9/21/2020 - 9/27/2020

Updated: Sep 24

Weekly Announcements


1) CHALK BUCKETS ARE BACK

Please keep in mind these are communal use and are not 100% Sanitary!

Sweaty (but pre-washed) hands will be in and out of them, there is no way to clean the chalk in buckets between classes.

Please think about who you come in contact with outside of our small community. If it is someone immune compromised or high risk for any type of sickness... rethink your use of chalk buckets and buy some liquid chalk.


2) For aches and pains, rehab, prehab and movement help reach out to Jess directly at jessn23@gmail.com


3) Make sure to join the Vickery Members Private Fb Group.

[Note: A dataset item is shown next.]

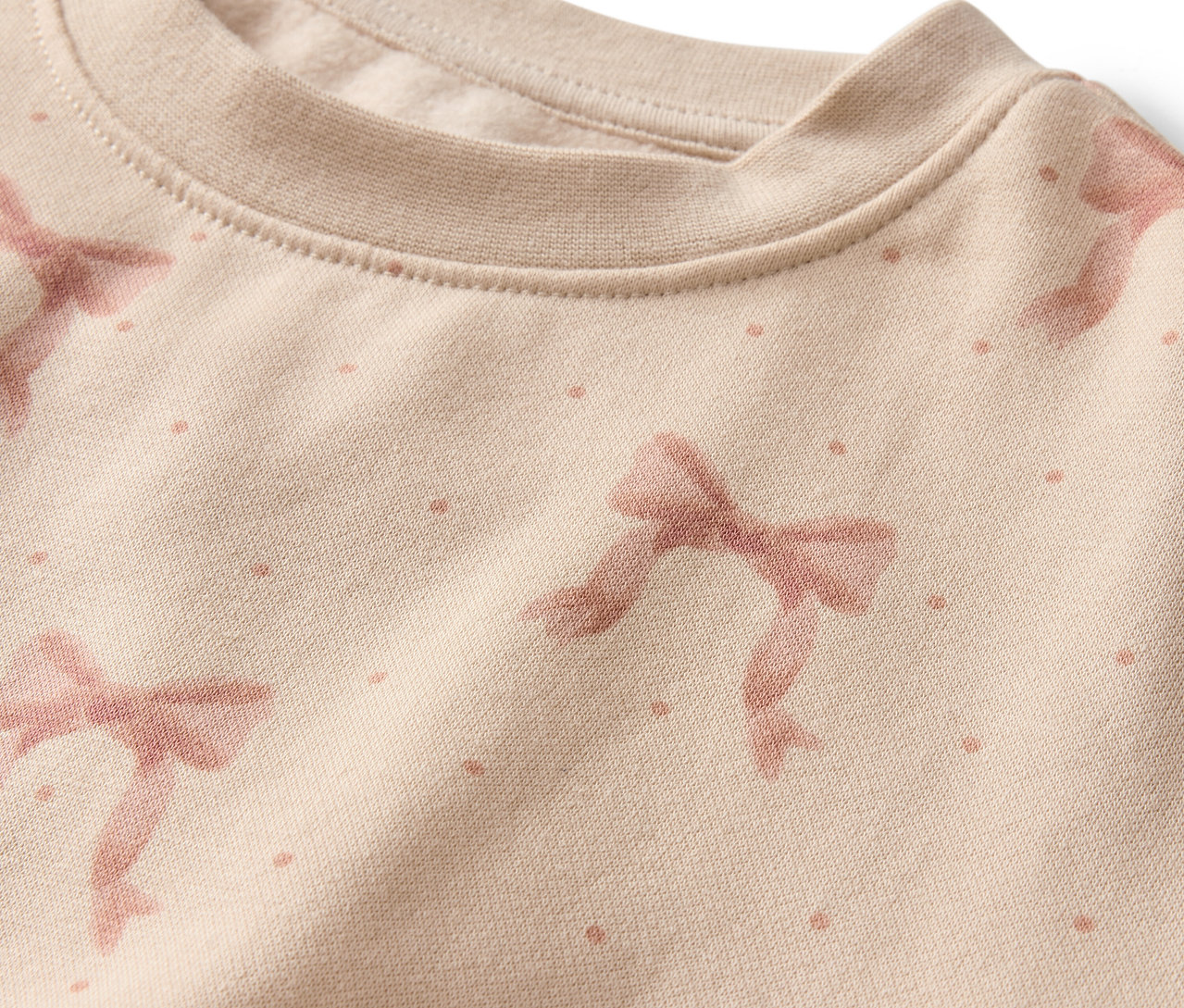 Detail béžovej mikiny s potlačou ružových mašlí a bodiek.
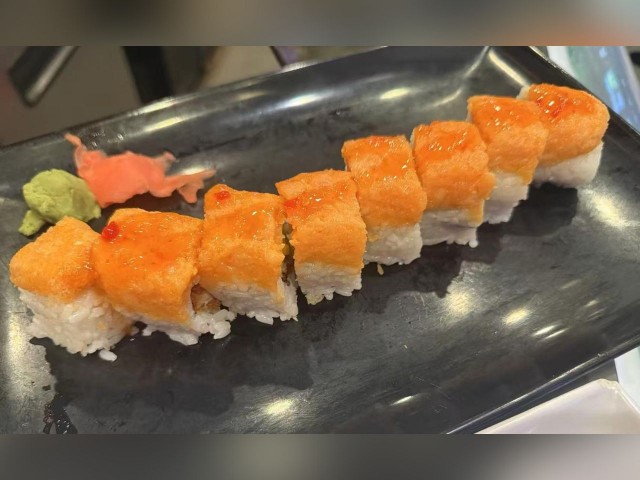 Delicious sushi roll with salmon and rice, served with wasabi and pickled ginger.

Search "Vickery Athletics Member" and request to join.

Monday

A) 10min Amrap

4 Alternating DB TGU

20m Bottoms Up KB Overhead Carry (right side)

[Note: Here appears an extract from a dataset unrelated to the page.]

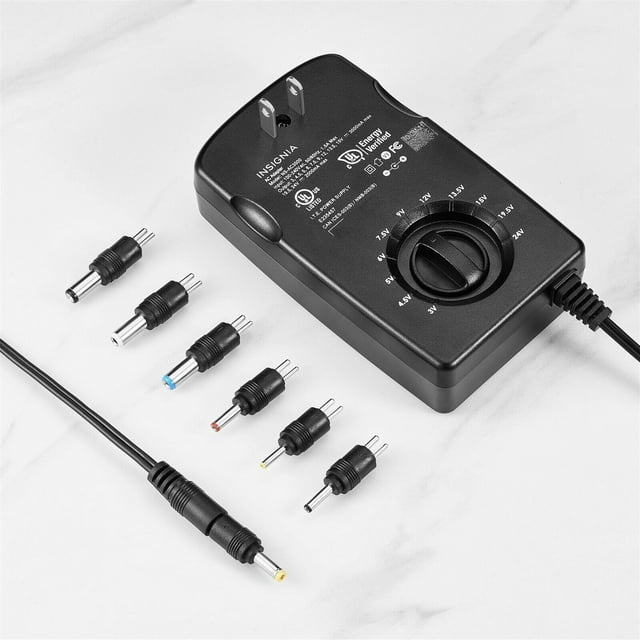 Insignia 3,000 mA Universal AC Adapter for High-Output Devices 3 to 24 Volt, shown with a black rectangular body featuring a manual voltage selector knob and LED voltage indicator. Includes seven interchangeable round-pin connector tips in various sizes and colours, suitable for devices requiring 3–24 volts. The adapter has a 5 ft. attached cord for flexible placement and is designed for high-output devices up to 3,000 mA. Positioned on a white surface.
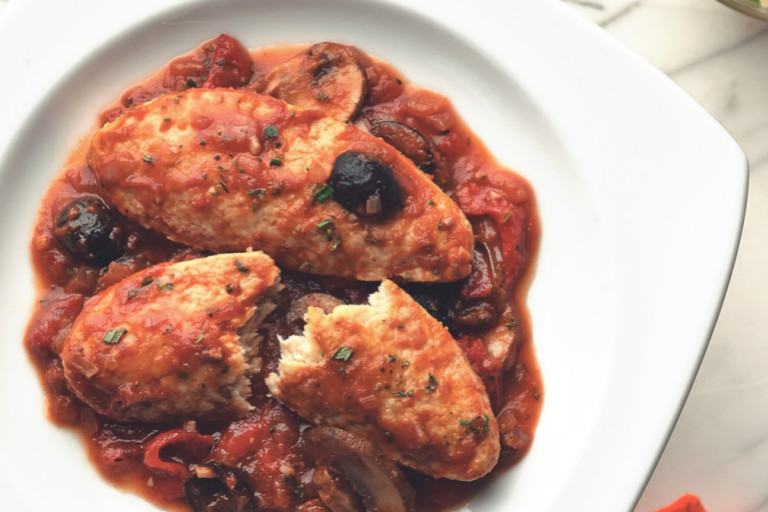 Meatless Quorn Fillets chicken cacciatore served in a dish, with one fillet half cut, garnished with olives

5 Bottoms Up KB Press (right side)

*Repeat Left Side

10 RKBS

+

B) Bench Press

1x10 Warmup

1x8 Warmup

2x4 Building

1x2 Building

4x2 Working Sets

R2min between working sets


Tempo Bench @31x1

1x10 Warmup

1x10 Building Up

5x10 Working Sets

R60s

+

C) 3 Rounds for TIme

30 KBS

25 Burpees to Plate

*8min cap

TUESDAY

A) EMOM x 18min

Min 1: 13/11 Cal Row

Min 2: 30 DU

Min 3: 20 Controlled Superman to Prisoner


R4min


EMOM x18min

Min 1: 100m Run

Min 2: 12/10 Cal AB

Min 3: 15 Anchored SItups

WEDNESDAY

A) Back Squat

1x10 Warmup

1x8 Warmup

2x4 Building

1x2 Building

4x2 Working Sets

R2min between working sets


Tempo Squat @31x1

1x10 Warmup

1x10 Building Up

5x10 Working Sets

R60s

+

B) 4 Sets

Max Kipping Pullups (9+)

R30s

Max Strict Pullups (5+)

R30s

Max Heavy Banded Pullups (10+ish)

R~3min


Scale Version

Max Heavy Banded Pullups or Partner Pullups (10+ish)

R30s

Max Barbell Pullups (10+ish)

R30s

Max Ring Row (13+)

R~3min

THURSDAY

5 Sets

A1) 10-12 Koji Press @2121

R30s

A2) 12 Reverse Fly w/ 1sec Pause

R30s

A3) 12/side Deficit Calf Raise @2121

R30s

+

B) 20min Amrap

400m Run

R1:1

FRIDAY

3 Sets

A1) 12/leg Split Leg DB RDL

A2) 30sec/ side Samson Stretch

A3) 20sec Hanging Knee Raise Hold

*Rest as needed

+

B) 4x12 Supinated Std DB Curl @31x1

R60 (alt w partner as rest works)

+

C) Deadlift (No tempo)

Warm Up 1x12

Building 3x5-8

Working 5x5


Tempo DL or RDL

2x12 Warmup/Building

5x10 Working @ 31x2

SATURDAY

A) "Jackie"

1000m Row

50 Thruster (45#) > Airsquats

30 Pullups >Jumping Pullup


Rest 5min


"Air Fran"

21-15-9

Jumping Airsquats

Jumping Chest to Bar


R5min


"Hang Isabel"

30 Hang Power Snatch (135/95)

*Scale Demon Press (50/35)

*No wt Scale > 50/42 Cal AB

Sunday Open Gym


11am -1pm

You still have to register for Open gym.